Stored items from a collection>
=== Section Start ===

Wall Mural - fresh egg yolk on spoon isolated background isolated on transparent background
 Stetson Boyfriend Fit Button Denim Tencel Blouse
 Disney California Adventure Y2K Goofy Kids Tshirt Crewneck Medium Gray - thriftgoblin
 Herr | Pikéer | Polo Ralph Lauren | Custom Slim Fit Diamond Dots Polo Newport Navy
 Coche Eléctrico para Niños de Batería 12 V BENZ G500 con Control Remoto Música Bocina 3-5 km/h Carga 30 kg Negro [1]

=== Section End ===

Task to complete>
The answer should consist of every entry, repeated word for word.

Task result>
Wall Mural - fresh egg yolk on spoon isolated background isolated on transparent background
 Stetson Boyfriend Fit Button Denim Tencel Blouse
 Disney California Adventure Y2K Goofy Kids Tshirt Crewneck Medium Gray - thriftgoblin
 Herr | Pikéer | Polo Ralph Lauren | Custom Slim Fit Diamond Dots Polo Newport Navy
 Coche Eléctrico para Niños de Batería 12 V BENZ G500 con Control Remoto Música Bocina 3-5 km/h Carga 30 kg Negro [1]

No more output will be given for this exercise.